The assessed value of property, established by the County Assessor’s Office, is typically lower than real market value. After calculating a property tax bill based on assessed value, the amount is compared to real market value and reduced to a combined maximum of $15 per $1,000.

Local option levy revenue is reduced before permanent rates when compression happens. While the City of Sweet Home imposes a total rate of $10.44 of assessed value, the city’s permanent rate is $1.41, which contributes to the General Fund. The remainder, used to fund police and library services, are charged in local option levies.

As a result, the property tax limitations have impacted, primarily, police and library funding, without affecting the city’s general fund, SHFAD or the county’s general property tax. The county also has a local option levy, which funds law enforcement and is affected by compression.

Permanent rates are set by the state constitution, but as jurisdictions increase local option levy rates (such as Sweet Home’s police and library), the main effect on compressed properties is to redistribute the proportion received by each jurisdiction.

When the county increases its local option rate, for example, it shifts tax dollars that were going to city law enforcement to the county government rather than causing an increase in property taxes.

While in compression, property tax bills may increase when real market property values increase faster than assessed values, which are limited to 3-percent growth annually. In about the past three to four years, real market values have increased significantly.

Last year, The New Era found property tax bills that increased by 8 to 14 percent. This year, The New Era found bills increasing by 2.8 to 7.7 percent. At 2.8 percent, the property in question was no longer in compression and is near the growth limit of 3 percent per year for assessed value.

Since the 1990s, the majority of properties in Sweet Home have been in compression, but compression has been falling since 2015, when 38 percent of assessed taxes were reduced based on property tax limitations.

At the time, nearly all Sweet Home properties were in compression. Increases in the county’s local option levy, along with the formation of the 4-H district and a local option levy to fund the veterans home in Lebanon, in the previous eight years essentially shifted tax revenue from Sweet Home to the county.

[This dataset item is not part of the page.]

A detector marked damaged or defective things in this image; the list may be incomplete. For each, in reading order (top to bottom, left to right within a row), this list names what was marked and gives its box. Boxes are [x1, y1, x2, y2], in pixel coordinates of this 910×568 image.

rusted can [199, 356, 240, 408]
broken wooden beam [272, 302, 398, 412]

In response, to shift the city’s share of the total back to Sweet Home, the City Council asked voters to increase the local property tax rates by $1.45 per $1,000 for police and 35 cents for library services in an effort to shift funding back to Sweet Home.

Now-retired city Finance Director Pat Gray outlined the plan to the City Council, explaining that when the compression rate starts falling, the city could reduce property tax rates. The idea was that the increase would not lead to a higher effective tax rate for Sweet Home property owners but rather shift funding lost to the county through compression back to Sweet Home.

Voters approved the taxes, raising the police levy to $7.58 per $1,000 and the library to $1.17 per $1,000, in 2015, when the compression rate was 38 percent. The taxes took effect in fall 2016.

Since then, the compression rate, taxes levied but not collected based on the property tax limitations, has fallen to as low as 19.8 percent. Last year, the rate was 24 percent.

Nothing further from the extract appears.